Ground #1: the Claim lacks the necessary clarity
to enable the Defendants to respond to it properly;
[12]
In this regard consideration must be given to sub
Rule 221(1)(c) of this Court that permits an action or pleading to be struck
out if it is scandalous, frivolous or vexatious. Justice Snider commented on
this provision in her decision kisikawpimootewin v Canada, [2004] FC
1426, in citing Ceminchuk v Canada, [1995] FCJ. No. 914, at
paragraph 8 of her Reasons:
A scandalous, vexatious or frivolous
action may not only be one in which the claimant can present no rational
argument, based upon the evidence or law, in support of the claim, but also may
be an action in which the pleadings are so deficient in factual material that
the defendant cannot know how to answer, and a court will be unable to regulate
the proceedings, is an action without reasonable cause, which will not lead to
a practical result.
[13]
This does not mean that a pleading that is
structured in an unconventional way or that is somewhat garbled should be
struck out for these reasons alone. Where there can be a reasonable
understanding of the claim made, a proper remedy may well be to strike out the
claim with leave to amend.
[14]
In the present case, some understanding can be given
to the claims made and, were it not for my other findings herein, I would
simply strike the pleading with leave to amend. However, my findings on other
grounds serve to strike the claim in its entirety.
B.
Ground #2: the Plaintiffs are seeking relief
that cannot be granted;
[15]
The precise claim for relief sought by the
Plaintiffs has previously been set out in these Reasons.

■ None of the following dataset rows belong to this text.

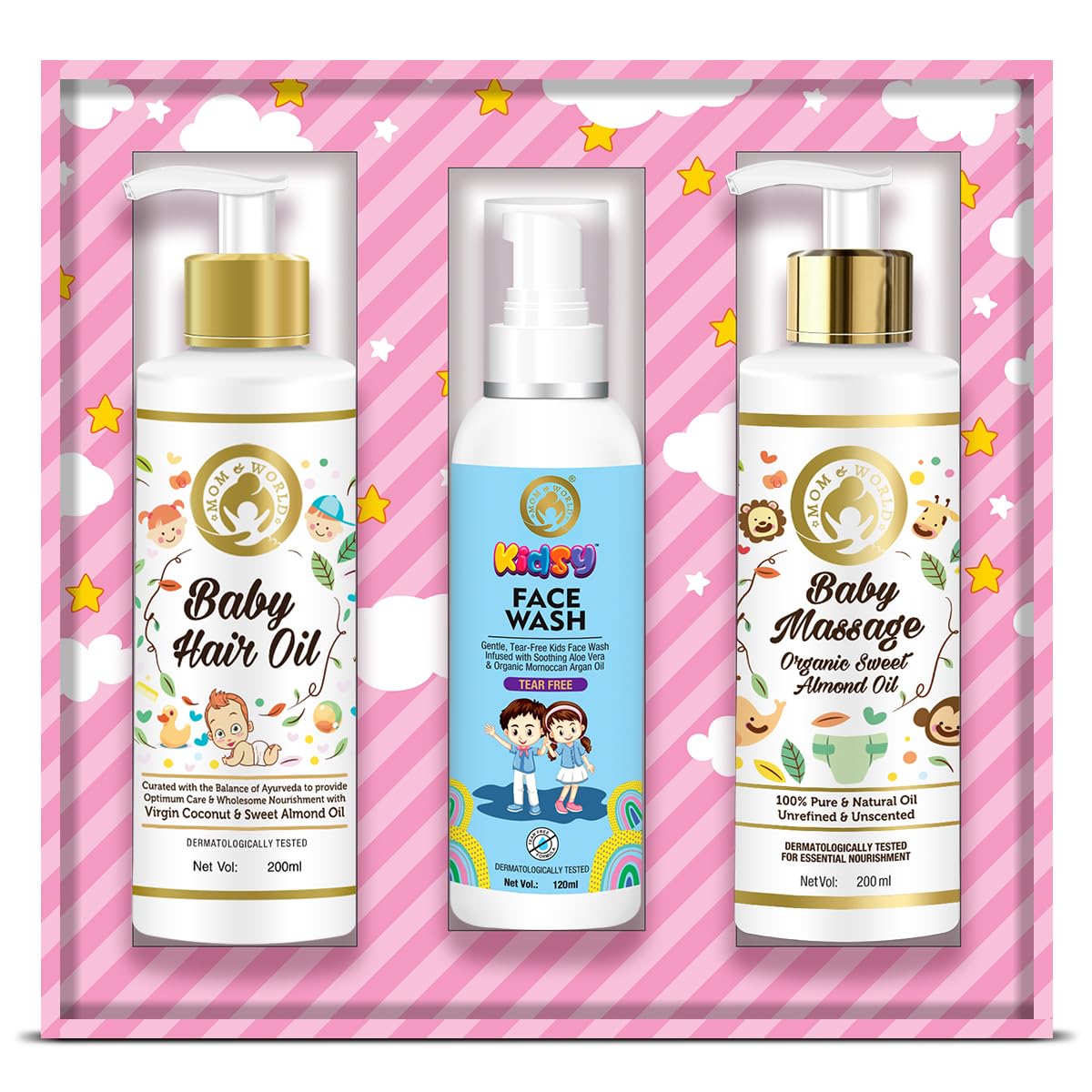 Mom & World Gift pack Baby hair oil + Baby massage almond oil + Kidsy face wash-image-47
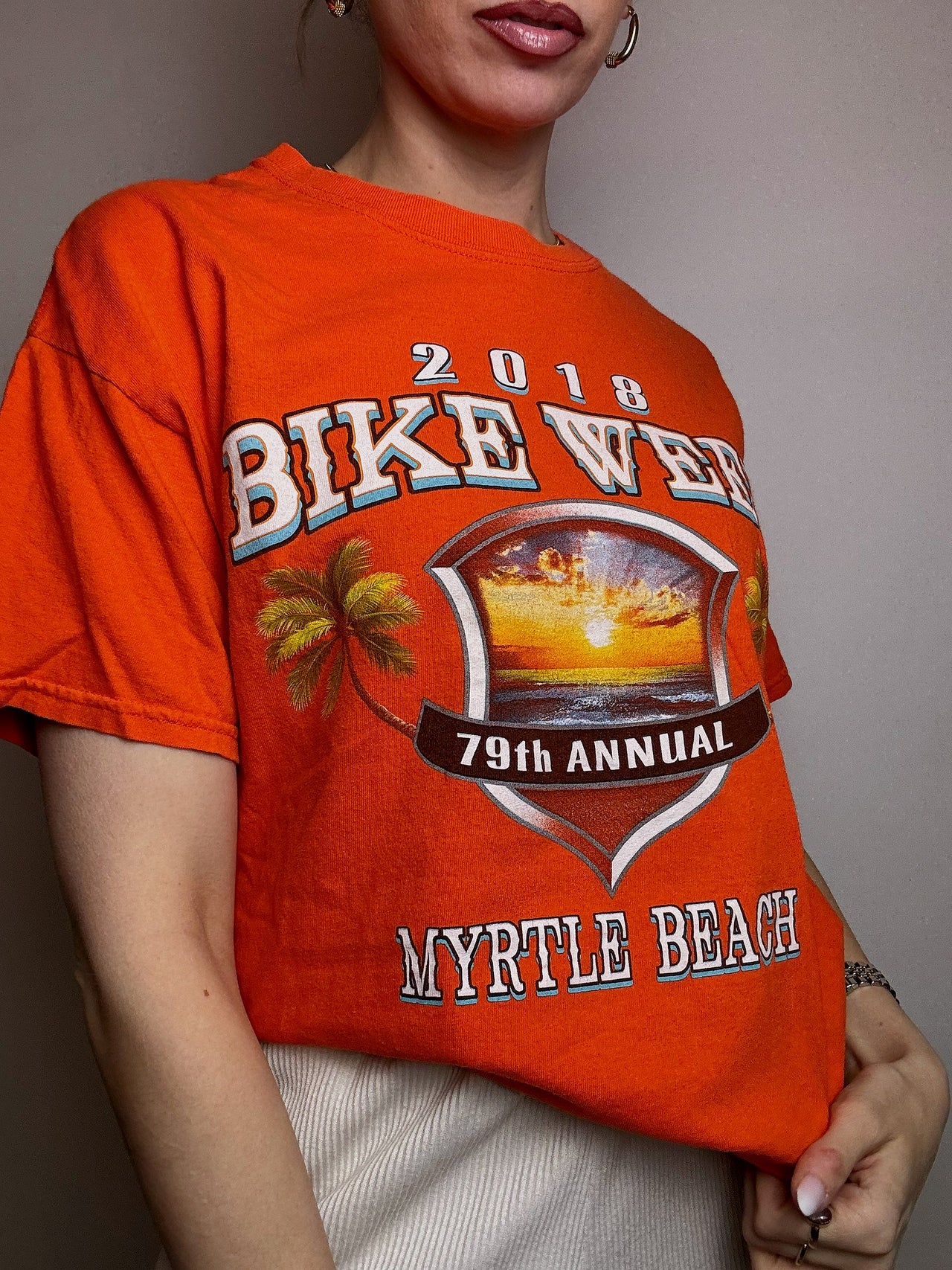 GILDAN x BIKE WEEK L vintage orange t-shirt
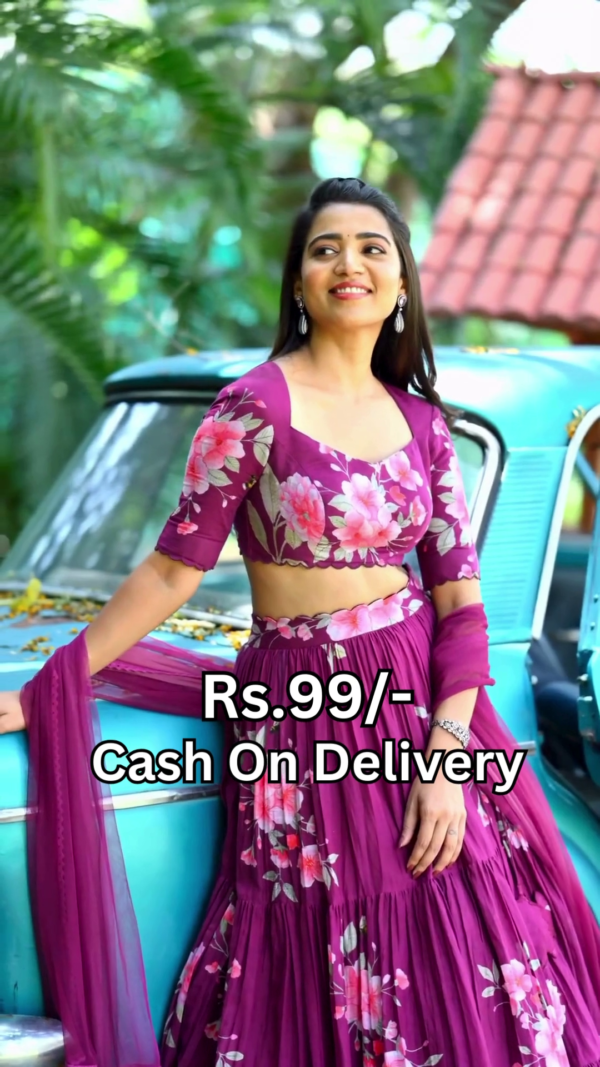 5001-2.png Blooming Magenta Floral Lehenga Choli Set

To recast this claim
for relief, the Plaintiffs want:
1) removal of the requirement to pay money, $1000.00 or any other amount,
in order to submit themselves as candidates in a federal election
2) removal of the requirement to furnish 100 signatures, names and
addresses from persons entitled to vote in the riding, before a person can
submit themselves as a candidate in a federal election
3) eliminate the requirement that the person seeking to be a candidate
in a federal election have an auditor
4) stay the fall 2015 federal election in its entirety
5) require the Chief Electoral Officer exercise power under section 17
of the Canada Elections Act, SC 2000, c. 9 to make changes to that Act
to effect the forgoing
[16]
The Chief Electoral Officer is given only
limited powers under the Canada Elections Act, section 17:
17 (1) During
an election period or within 30 days after it, if an emergency, an unusual or
unforeseen circumstance or an error makes it necessary, the Chief Electoral
Officer may, for the sole purpose of enabling electors to exercise their
right to vote or enabling the counting of votes, adapt any provision of this
Act and, in particular, may extend the time for doing any act, subject to
subsection (2), or may increase the number of election officers or polling
stations.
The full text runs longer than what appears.